The Ødegaard Decision
Sell now, extend now, or ride the risk for a year?
Things change fast in the Premier League. 18 months ago if someone floated the idea of Arsenal selling Martin Ødegaard that would have been seen as unserious hyperbole or link chasing behavior.
He was the captain, the creative heartbeat of the team, and was in the conversation for the best midfielder in the world.
Here we are now and it doesn’t seem so far fetched that it could happen. The reporting out there is from generally solid sources and it seems like something that should be taken seriously. The BBC's Sami Mokbel has spoken about Arsenal being willing to listen to offers "for the right price," football.london puts him among a group of first team players facing uncertain futures, and there have been links to Bayern Munich with quieter inquiries out of Italy.
This isn’t a fire yet, but there might be the start of a bit of smoke building here and the fact that this is a discussion at all tells you how much things have changed.
This is a big deal and it deserves a good hard examination, so let’s get into it.
The injury cloud hanging over everything
It’s hard to go too much further without talking more about the injuries and the effects that they have had on him.
Ødegaard has been a robust player over his career and had maintained a relatively clean injury history. From the time he joined Arsenal on loan through the end of the 2023-2024 season he had missed just 6 total matches due to injury.
Since then he has been hit with a number of injuries and that has seen him miss 45 matches in just the last two seasons.
Even more than the time that he has missed, watching him play you can see that it seemed to take quite a bit out of him. From the outside this looks especially true with the ankle injury that seemed to take a good portion of the 2024-25 season to fully heal and for him to regain the trust and strength that he had previously.
I am cautiously optimistic that the type and reasons for the injuries are more freak occurrence than worrying for long term need to be managed types. He has suffered injuries that are much more contact/collision based than the soft tissue types.
The player he still is
One of the hard parts of being online and discussing soccer is that opinions are so often flattened and there is a loss of nuance. These are the times where I am thankful to be able to talk or write at length to fully express these opinions.
Ødegaard is a great example of this.
He has declined and or seen his production affected by injury over the last two seasons in comparison to what he was able to do in the 2022-2024 period.
His decline has not made him a bad player or one that is useless. In fact it is quite the opposite and he is still quite good and very talented!
You can and should acknowledge that the production has fallen off, especially in front of goal where he has just 6 non-penalty goals in the Premier League plus Champions League over the last two seasons (just 1 last year). Acknowledging this truth doesn’t automatically mean that he has become useless or unusable player either.
Here is his radar and distribution chart for the Premier League and the Champions League for the last two seasons.
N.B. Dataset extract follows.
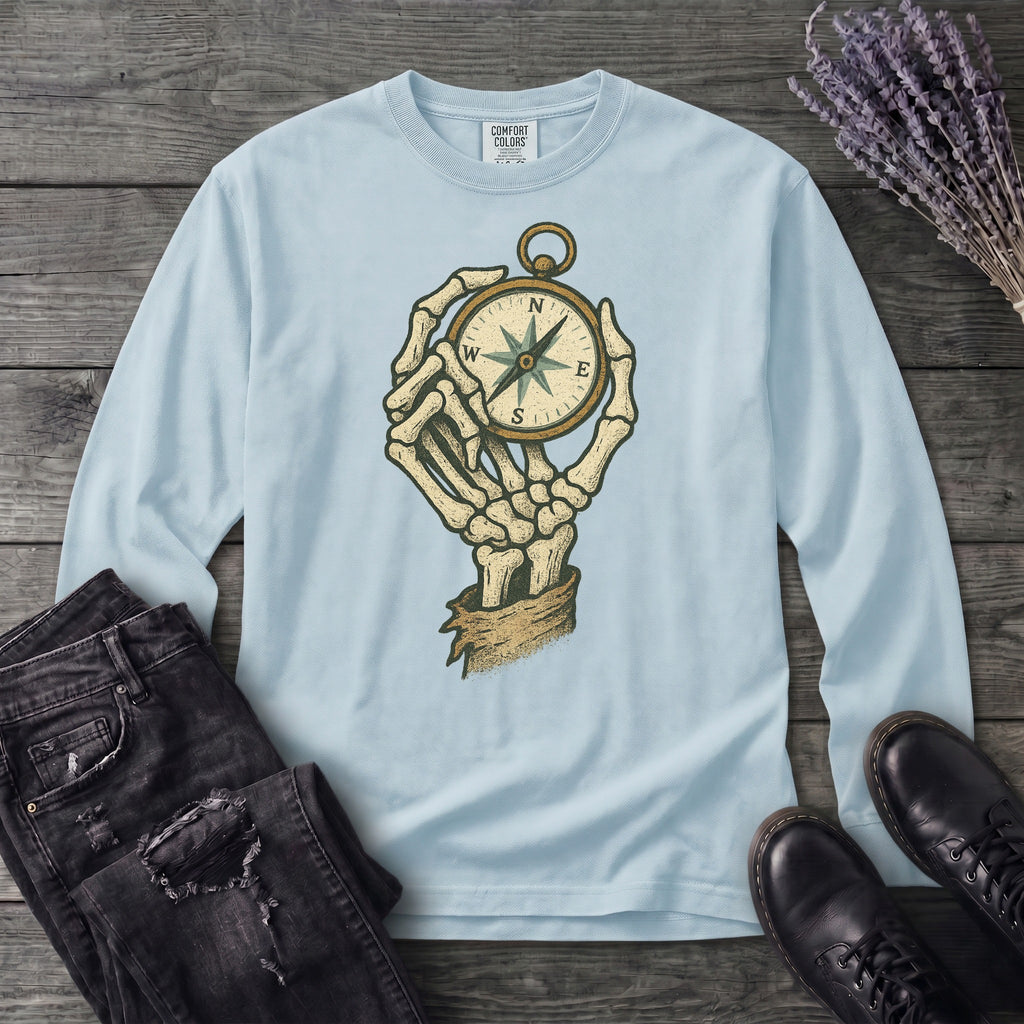 Nautical Compass Skeleton Hand Long Sleeve T-Shirt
He isn’t pushing himself into one of the top midfielders in the world discussions off of this but he still shows up as well rounded and productive midfielder, especially when you look at it on a template that highlights his strengths as an advanced midfielder.
The 2022 through 2024 seasons were clearly his peak and he had put himself in the conversation for the best midfielders in the game. He showed the ability to be a threat around the box playing much more as a “10” in 22/23 and then adapting to a deeper more “8” ball progression focused role in 23/24.
I want to stress this again, even though he has fallen off of his peak, he is still producing excellent overall numbers.
The contract clock and what a fee should look like
There is a classic cliche that at the two years remaining on a contract, that is the time that you have to make the big decision on a player to sell or extend their contract. I think that for the vast majority of player cases that is true but it isn’t perfect for all 100 percent.
I think that this Ødegaard situation is a real tough one. If you are Arsenal you probably aren’t in a rush to want to extend him, like we have just talked about his production is down. There might be a good explanation for why, with a reasonable expectation that he can bounce back. To what extent he can bounce back and how high the probability of that bounce back are major unknowns right now.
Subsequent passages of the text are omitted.